I think that what somebody who was tempted by the tacit knowledge view would be likely to say is that rules like:

(A) If an indicative sentence S means that P then S should be uttered only if one believes that P

are tacitly known, and encoded in the pragmatics module. The outcome of the semantics module and the pragmatics module working together will yield the kind of 'knowledge of the meaning' of sentences (in a broad sense of meaning) that links them to use, conventions etc. And maybe nothing could be a semantics module properly so-called unless it was wired up in the right way to a pragmatics module. So in one sense tacit semantic knowledge does have something 'intrinsically' to do with use, conventions, etc. It's just that in understanding how a particular set of cogs work, we abstract away from the theory of force, etc, pro tem.
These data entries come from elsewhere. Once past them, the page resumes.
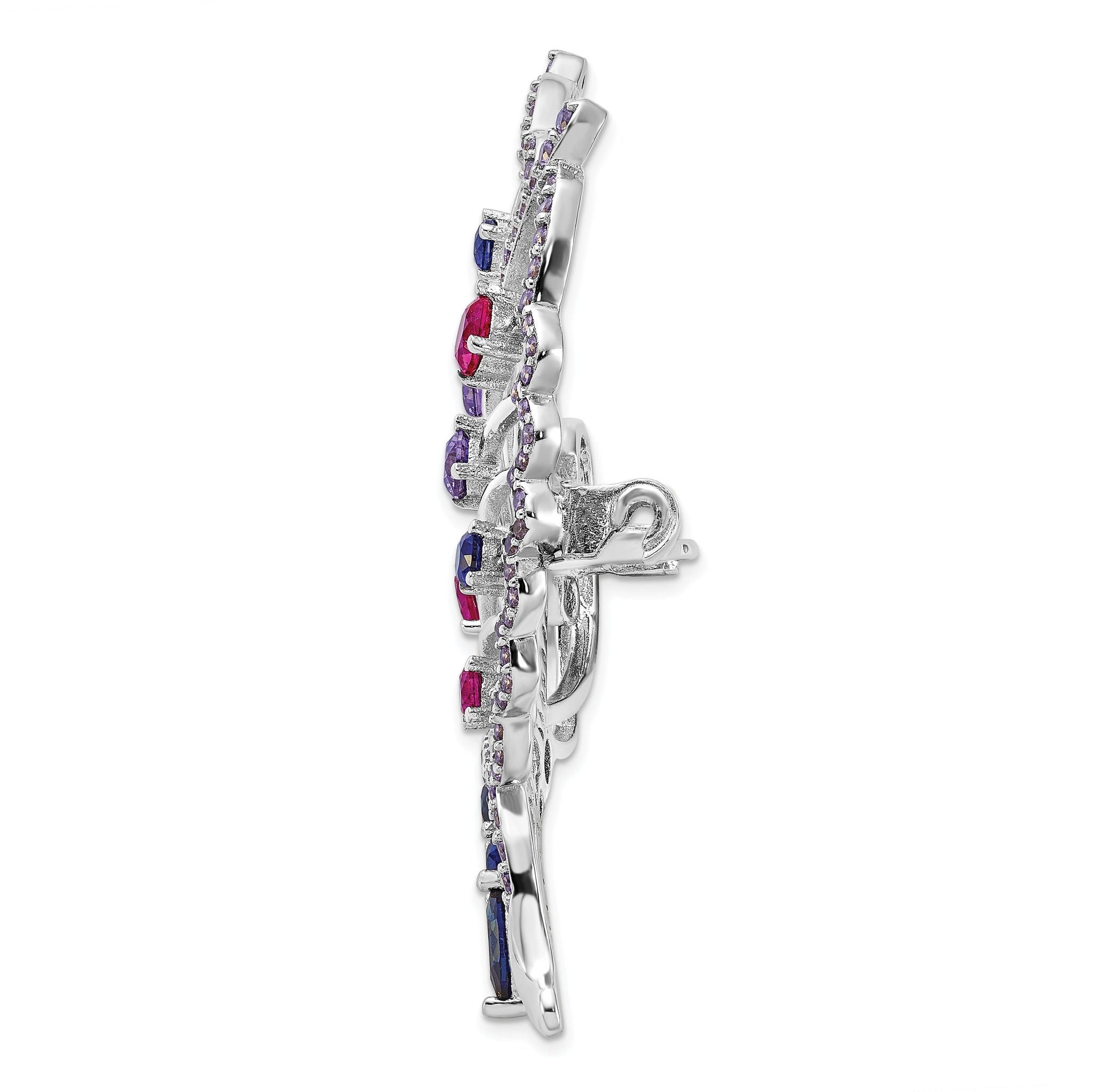 Cheryl M Sterling Silver Rhodium-plated Brilliant-cut Lab Created Ruby/Marquise-cut and Brilliant-cut Lab Created Sapphire/Brilliant-cut Purple CZ Butterfly Pin Secondary image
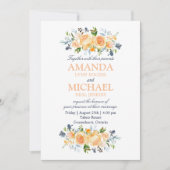 Invitation Aquarelle rose et chardon Mariage Floral (Devant)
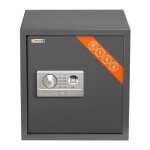 Coffre - fort de bureau brihard - serrure biomtrique et code lectronique - 53l - gris ral 7015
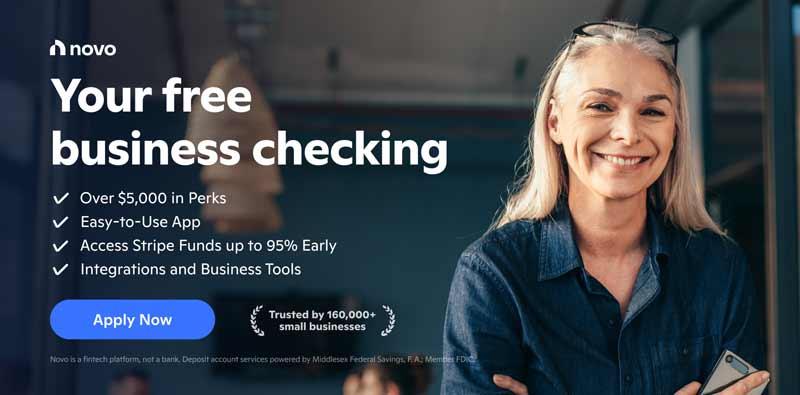 Sponsored image of a woman smiling and a caption that reads: Novo - your free business checking.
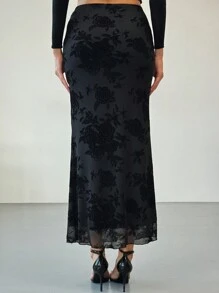 Aloruh Falda entallada con estampado floral minimalista para mujer, uso casual diario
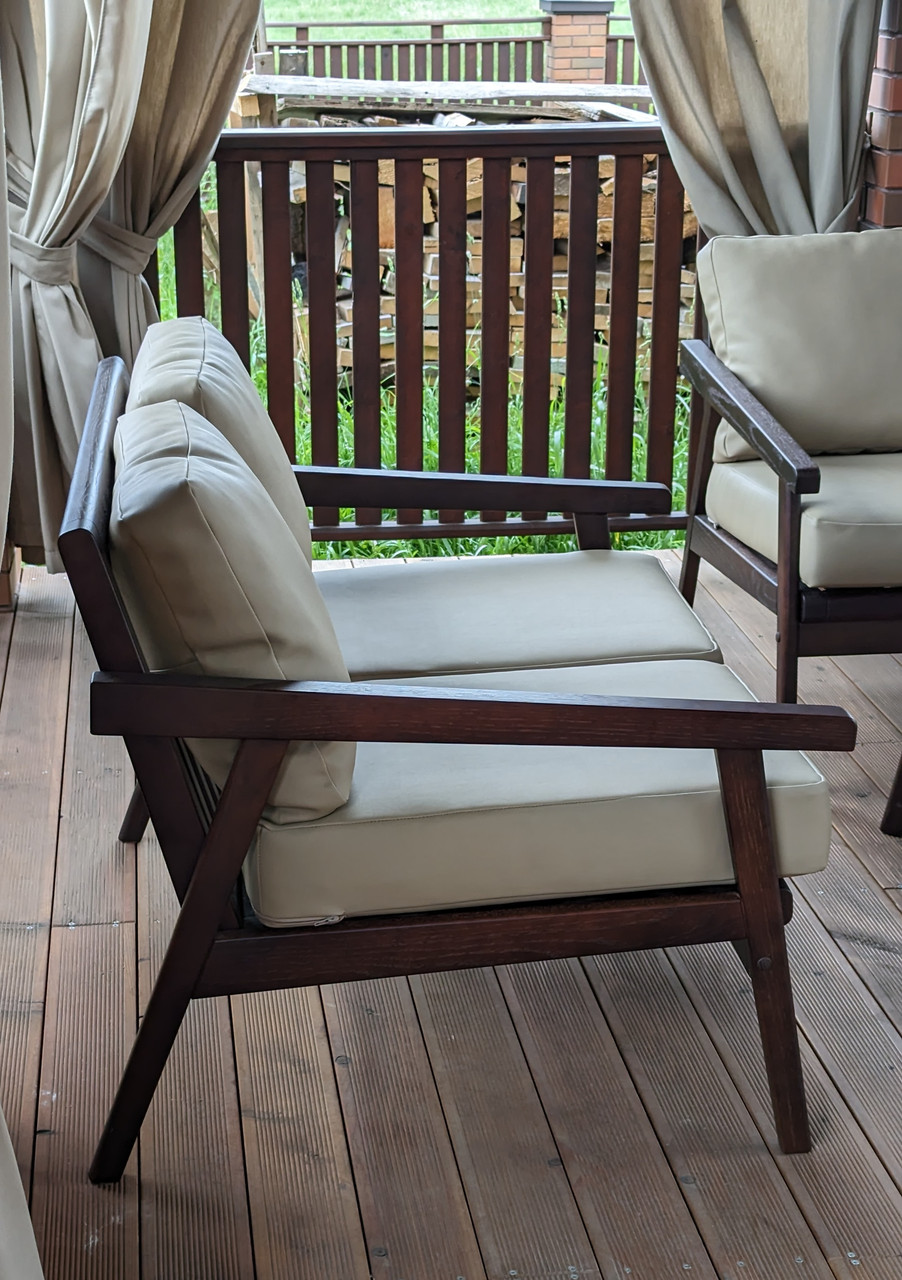 Дизайнерский диван "Грейс" из дерева ясень и экокожи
OK, many thanks, I think I see how that could work. Though I believe it's quite misleading then to use semantic vocabulary like "means" and "denotes" in describing the tacit semantics. If I understood it correctly, the idea would be that we have a cognitive module that just associates sentences with meanings or truth-conditions. It doesn't tell us that "snow is white" means in English that snow is white, nor that it means that in my idiolect, or that it means that simpliciter, or that it should be used in a certain way, or whatever. The semantic module by itself doesn't give us any knowledge at all: there are no *facts* that obtain according to the semantic module. It offers just a table that associates sentences with truth conditions (or whatever).

Real semantic knowledge then is a result of applying pragmatic rules to the semantic module, rules like

(A) If the semantic module associates an indicative sentence S with P then S should be uttered only if one believes that P.

Here, "should" probably doesn't express an individual norm for the subject in question; otherwise my semantic knowledge wouldn't help me at all to interpret other people's utterances. So (A) should rather say that if S is associated with P then there is a convention in my community to utter S only if one believes that P.

I suspect that this picture doesn't really differ from my view that semantic knowledge consists in something like knowledge of conventional conditions of use. It merely adds the speculative psychological hypothesis that this knowledge is the result of two different modules, one containing no information at all, but just a table, and the other a general rule that derives the semantic knowledge out of this table.